Ce n’était pourtant que des chaussures ordinaires mais je les ai chéries comme une chose rare et précieuse. C’était deux ou trois ans après la guerre, alors que les magasins commençaient à offrir des marchandises nouvelles et de meilleure qualité.
Je ne me souviens pas où ma mère les avait achetées, mais je me souviens très bien comme elles m’ont parues jolies et confortables.
Elles étaient faites de vrai cuir couleur crème parsemé de petits trous car on allait vers les beaux jours.
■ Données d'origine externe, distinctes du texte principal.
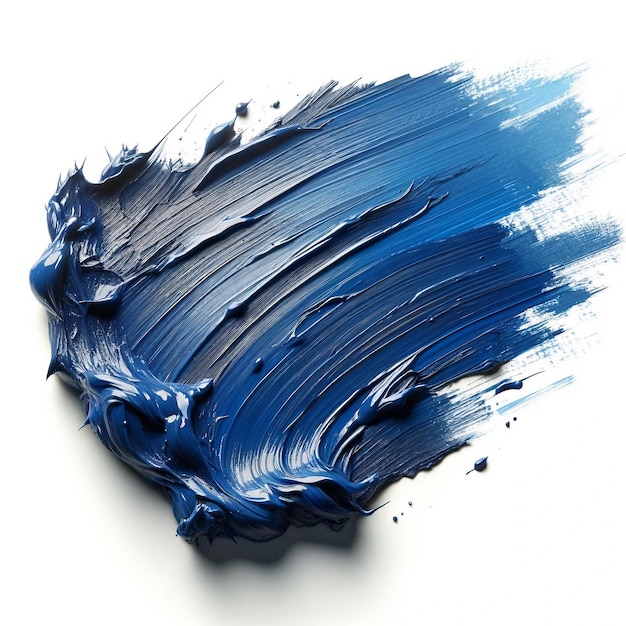 Vibrant Ultramarine Brushstroke Artistic Texture on White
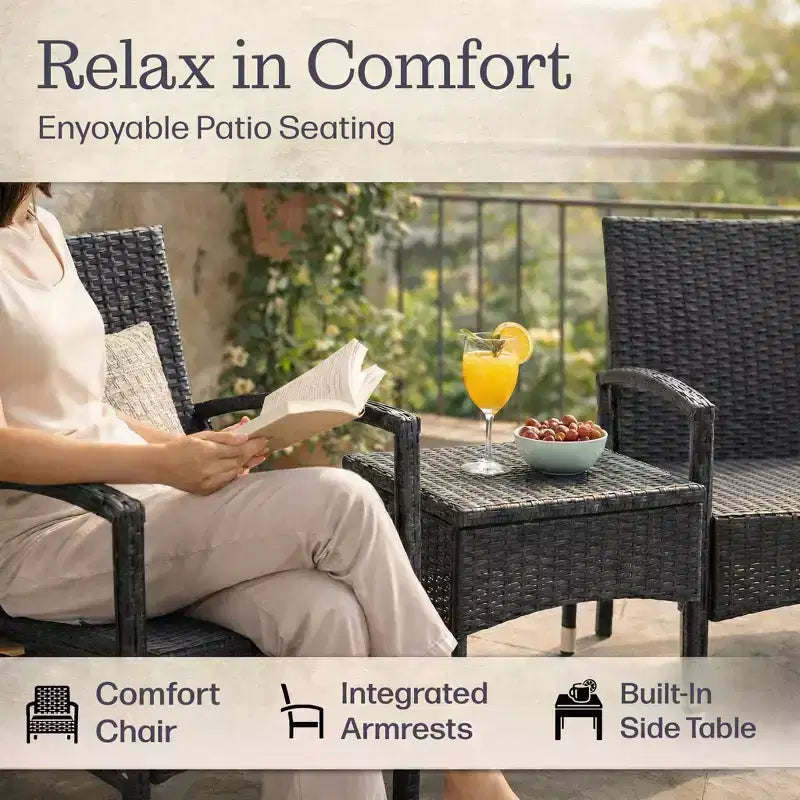 Set di mobili da esterno per patio, combinazione di 3 pezzi in rattan con 2 sedie e tavolo per veranda, balcone o portico, di Lavish Home (grigio)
Cependant ce qui m’épatait le plus c’était la semelle de crêpe, de même couleur que les chaussures, à la fois épaisse et souple. Imaginez le plaisir de marcher silencieusement comme sur un tapis, après avoir porté pendant les années sombres ces affreuses chaussures en simili cuir si raides, de couleur brune ou noire, qui claquaient sur le sol d’autant plus qu’on les garnissait de fers pour éviter l’usure trop rapide !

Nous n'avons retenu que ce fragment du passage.